Nada de dramático, que representaria uma ruptura, certo?
Gaerea: Não, nada de tão grandes proporções. Enfim, existem coisas que às vezes me sinto um pouco relutante em fazer porque sinto que ainda não estamos em um determinado patamar, mas isso pode mudar com o tempo. Não somos uma banda de extremo ‘hype’, não foram muitas as pessoas que nos estenderam a mão para que alcançássemos logo de cara algo grande, sempre foi algo muito trabalhoso em cada etapa, sacrificamos muito para poder fazer isso, mas hoje estamos colhendo os frutos, então posso dizer que vale a pena pensar com cuidado.
Bem, o álbum Unsettling Whispers termina com a canção Catharsis, que denota em sua letra a queda do homem. Existe alguma conexão com o álbum mais recente, Limbo (2020)?

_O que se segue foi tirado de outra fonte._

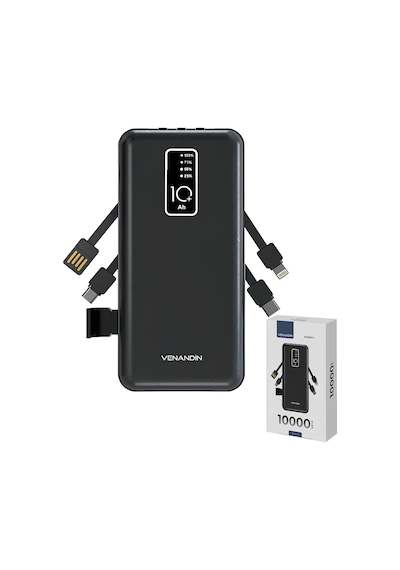 Venandin Pwb10c1 10.000 Mah Powerbank 4 Ü 1 Arada Entegre Kablolu Led Göstergeli Taşınabilir Şarj Cihazı Siyah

Gaerea: Sim, eu diria que Limbo é uma continuação direta e muito apropriada do Unsettling Whispers. Não vou me aprofundar muito no conceito porque sinto que é muito longo, mas como você disse, o álbum anterior termina com uma queda do homem, uma jornada pelo abismo por assim dizer, e To Ain, primeira faixa de Limbo, fala exatamente sobre esse momento da queda. Enfim, eu diria que o novo álbum é uma espécie de volta ao mundo de ficção que criamos em Unsettling Whispers, um mundo que apresenta muitos elementos da realidade que observamos na estrada, na nossa vida cotidiana. É um rever, é um reimaginar dessa mesma história com narração em primeira pessoa, enquanto no disco anterior a narrativa era em terceira pessoa. Antes era como um observador externo percebendo coisas que lhe eram estranhas, e agora o personagem está falando sobre aquilo que está de fato acontecendo com ele. Acho que essa mudança de perspectiva tem também a ver com as mudanças que envolveram a banda nesse período, não contamos com o mesmo line-up nos dois álbuns, eles foram gravados por formações diferentes, você sabe, a vida acontece, e tivemos que fazer mudanças para seguir em frente. É isso que você tem em Limbo, uma mudança de perspectiva com um mesmo tema.